--- Records supplied Enclosed Below ---
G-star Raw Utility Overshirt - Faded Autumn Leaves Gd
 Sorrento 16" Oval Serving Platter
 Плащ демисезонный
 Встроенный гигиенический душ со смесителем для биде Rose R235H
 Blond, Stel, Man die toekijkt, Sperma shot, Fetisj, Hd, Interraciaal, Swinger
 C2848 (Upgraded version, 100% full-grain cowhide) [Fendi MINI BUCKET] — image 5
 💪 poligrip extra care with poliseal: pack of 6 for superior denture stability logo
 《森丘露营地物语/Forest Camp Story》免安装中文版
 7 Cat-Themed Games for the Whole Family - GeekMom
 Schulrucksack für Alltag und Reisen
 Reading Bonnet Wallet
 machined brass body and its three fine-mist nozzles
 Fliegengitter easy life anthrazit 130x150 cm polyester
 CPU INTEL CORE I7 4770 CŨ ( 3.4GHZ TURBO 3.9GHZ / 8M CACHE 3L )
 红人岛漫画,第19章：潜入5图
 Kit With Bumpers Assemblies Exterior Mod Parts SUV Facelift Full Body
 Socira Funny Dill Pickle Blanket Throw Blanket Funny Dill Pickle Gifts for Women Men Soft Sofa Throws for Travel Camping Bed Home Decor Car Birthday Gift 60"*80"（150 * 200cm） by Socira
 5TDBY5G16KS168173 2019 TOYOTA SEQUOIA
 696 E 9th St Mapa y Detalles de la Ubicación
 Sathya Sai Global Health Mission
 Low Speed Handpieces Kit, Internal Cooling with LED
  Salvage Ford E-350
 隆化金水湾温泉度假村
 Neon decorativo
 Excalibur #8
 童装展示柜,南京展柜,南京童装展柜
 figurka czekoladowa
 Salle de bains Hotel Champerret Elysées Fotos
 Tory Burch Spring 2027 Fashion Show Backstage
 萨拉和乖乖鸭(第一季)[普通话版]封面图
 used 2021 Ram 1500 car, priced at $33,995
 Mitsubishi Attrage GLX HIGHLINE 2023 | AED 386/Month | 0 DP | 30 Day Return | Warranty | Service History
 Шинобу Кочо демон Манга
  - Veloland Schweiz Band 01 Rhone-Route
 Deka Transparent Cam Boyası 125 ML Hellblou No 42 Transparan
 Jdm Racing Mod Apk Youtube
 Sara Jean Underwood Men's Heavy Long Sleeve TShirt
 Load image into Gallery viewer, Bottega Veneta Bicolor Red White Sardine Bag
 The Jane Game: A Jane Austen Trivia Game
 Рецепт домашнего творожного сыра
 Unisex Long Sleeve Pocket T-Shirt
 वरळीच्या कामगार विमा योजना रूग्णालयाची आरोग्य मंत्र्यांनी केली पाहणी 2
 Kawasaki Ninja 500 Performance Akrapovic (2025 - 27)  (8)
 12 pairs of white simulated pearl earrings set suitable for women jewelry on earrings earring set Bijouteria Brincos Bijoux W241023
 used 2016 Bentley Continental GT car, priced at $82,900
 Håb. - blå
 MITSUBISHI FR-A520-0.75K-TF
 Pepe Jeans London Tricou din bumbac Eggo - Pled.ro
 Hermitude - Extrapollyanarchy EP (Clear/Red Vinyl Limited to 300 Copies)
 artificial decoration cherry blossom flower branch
--- End of Enclosed Records supplied ---
Work through the records line by line and tally those that include the word "Long". Give the number alone.

2